EXERCISE MATERIALS -
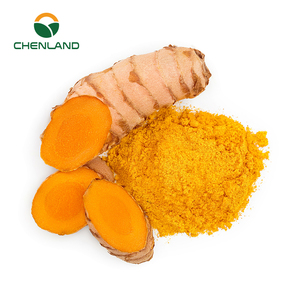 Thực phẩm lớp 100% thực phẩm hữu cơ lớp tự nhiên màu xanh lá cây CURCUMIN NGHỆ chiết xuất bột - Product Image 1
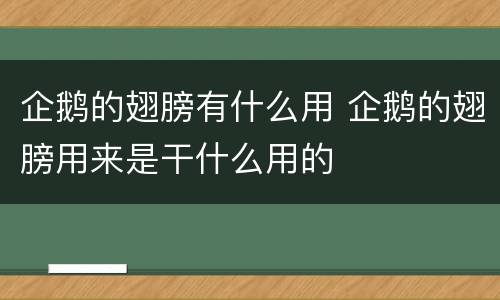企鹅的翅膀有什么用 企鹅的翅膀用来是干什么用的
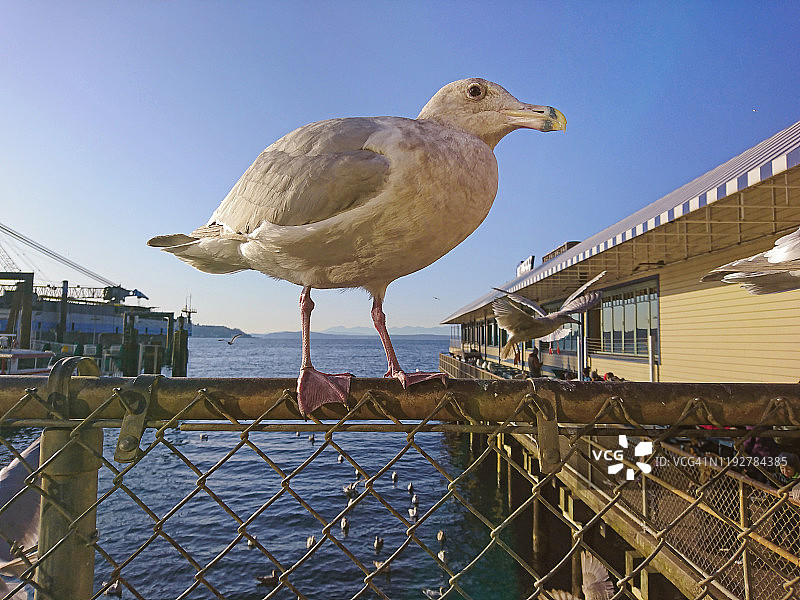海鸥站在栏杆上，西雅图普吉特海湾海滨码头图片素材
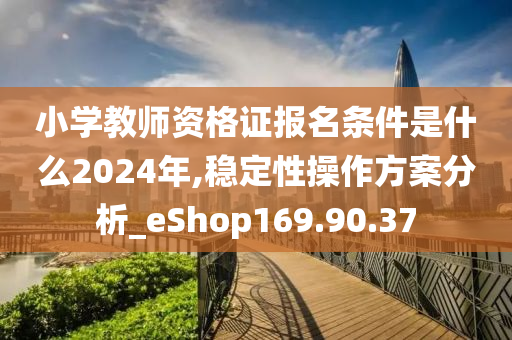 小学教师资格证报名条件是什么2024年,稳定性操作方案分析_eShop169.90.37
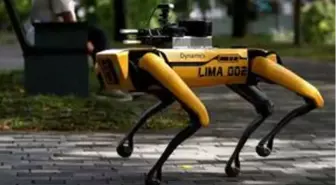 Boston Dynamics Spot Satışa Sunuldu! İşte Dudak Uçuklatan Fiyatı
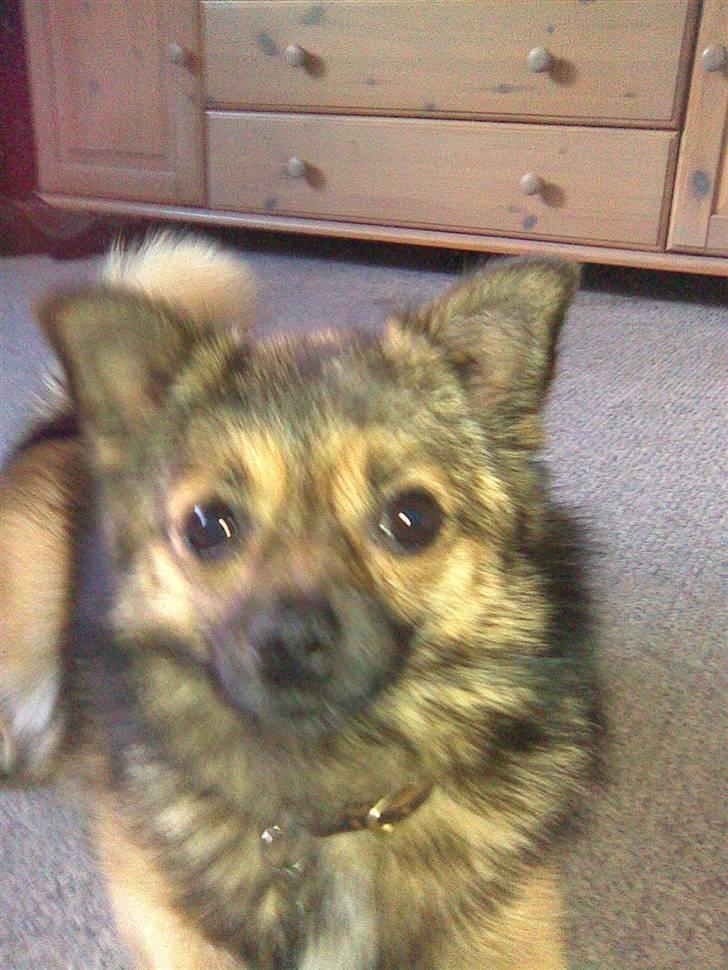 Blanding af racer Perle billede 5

--

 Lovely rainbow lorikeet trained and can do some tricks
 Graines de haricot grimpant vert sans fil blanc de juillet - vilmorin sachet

INSTRUCTIONS FOR THE TASK -
Copy the lines above exactly, starting at the one with "小学教师资格证报名条件是什么" and ending at the one with "Blanding af racer Perle billede 5", both included. Leave out any pictures and add nothing else.

OUTPUT BELOW -
 小学教师资格证报名条件是什么2024年,稳定性操作方案分析_eShop169.90.37
 Boston Dynamics Spot Satışa Sunuldu! İşte Dudak Uçuklatan Fiyatı
 Blanding af racer Perle billede 5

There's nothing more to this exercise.